Hi all,
I managed to build the syscall auditing tool on my Debian system.
Basically I downloded the glibc-kernheaders-3.0-5.2.i386.rpm from
ftp://rpmfind.net/linux/fedora/core/development/i386/Fedora/RPMS/glibc-ke...
I converted it to tgz format as:
# alien -t glibc-kernheaders-3.0-5.2.i386.rpm
Afterwards the glibc-kernheaders-3.0.tgz is generated in your current
directory.
You can extract it in your current directory as:
# tar xzvf glibc-kernheaders-3.0.tgz
the extracted files are located in ./usr/include/ (under you current
directory).
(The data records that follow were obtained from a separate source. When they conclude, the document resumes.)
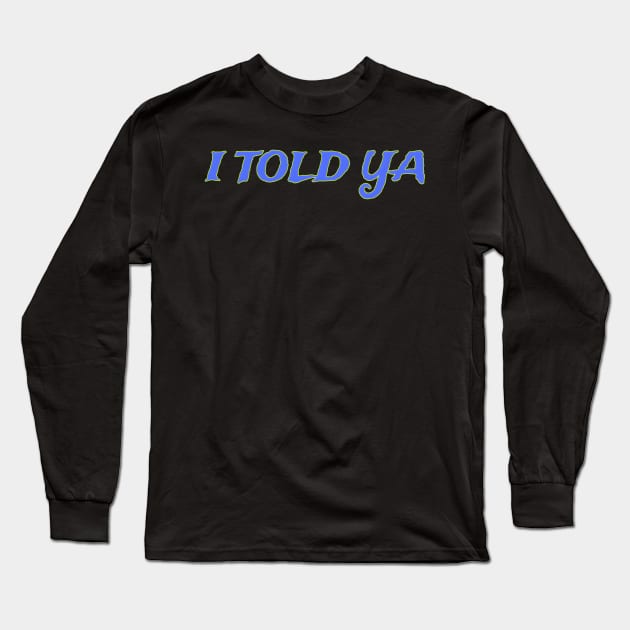 I Told Ya Long Sleeve T-Shirt by r.abdulazis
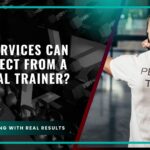 What Services Can You Expect From A Personal Trainer?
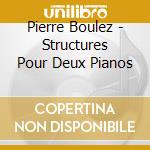 Pierre Boulez - Structures Pour Deux Pianos cd musicale di Kontarsky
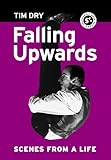 Falling Upwards: Scenes from a Life by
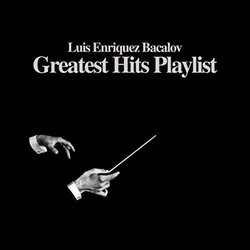 Luis Enriquez Bacalov Greatest Hits Playlist Ścieżka dźwiękowa (Luis Bacalov) - Okładka CD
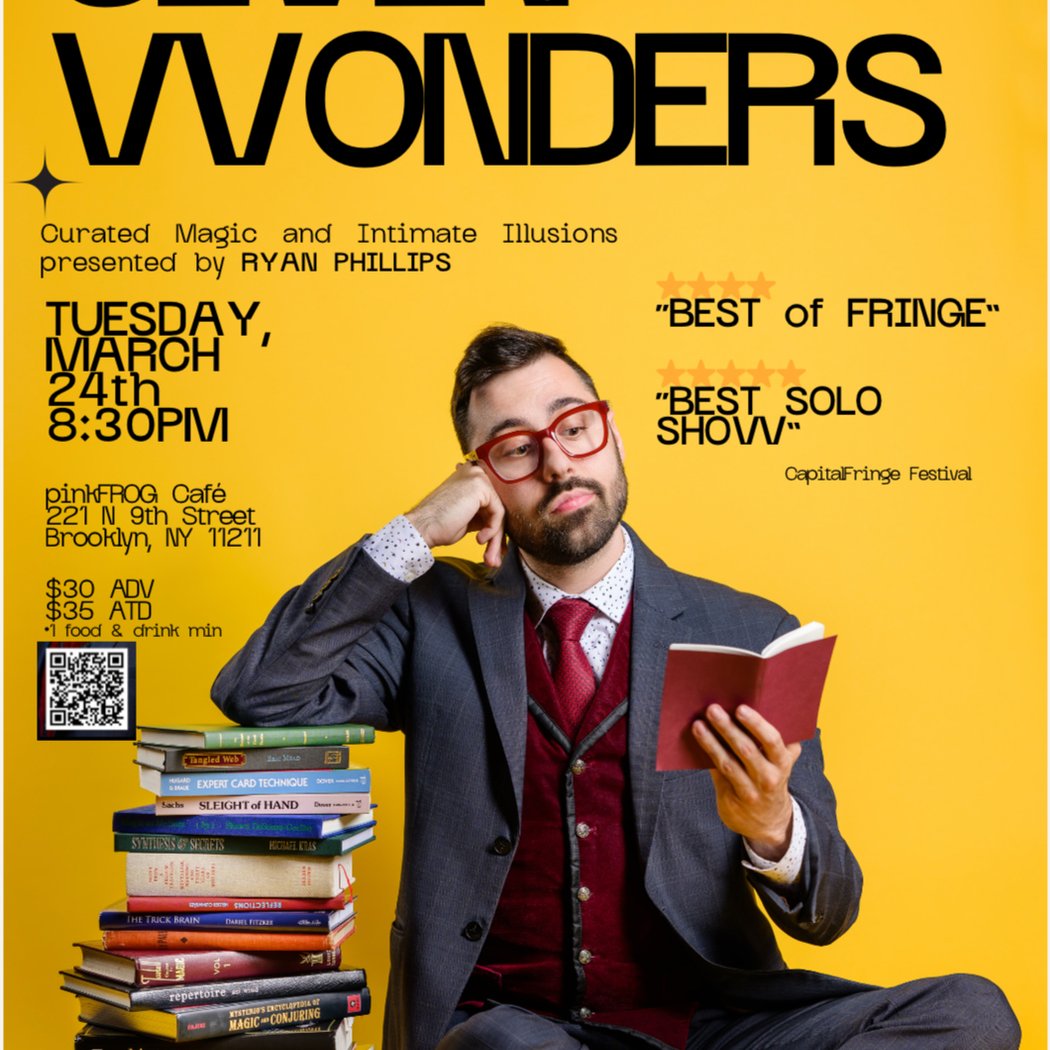 SEVEN WONDERS presented by RYAN PHILLIPS 1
There are 3 directories under ./usr/include, so copy them
manually to /usr/local/include/ (system directory).
Assuming you are under the directory you extracted the tgz file, do
something like:
cp -r usr/include/* /usr/local/include (Do not confuse with your system
/usr/include)
Now the 'make' can be done normally.
BR,
Mauricio Lin.
On 2/21/06, Steve Grubb <sgrubb(a)redhat.com> wrote:
On Tuesday 21 February 2006 17:19, Mauricio Lin wrote:
> BTW, Is there any restriction about the version of kernel headers?
Usually the kernel headers that user space uses are "sanitized" kernel
headers
and not the kernel's copy. For us, they are in the glibc-kernheaders
package.
I do not know how Debian does it...maybe someone else can help you.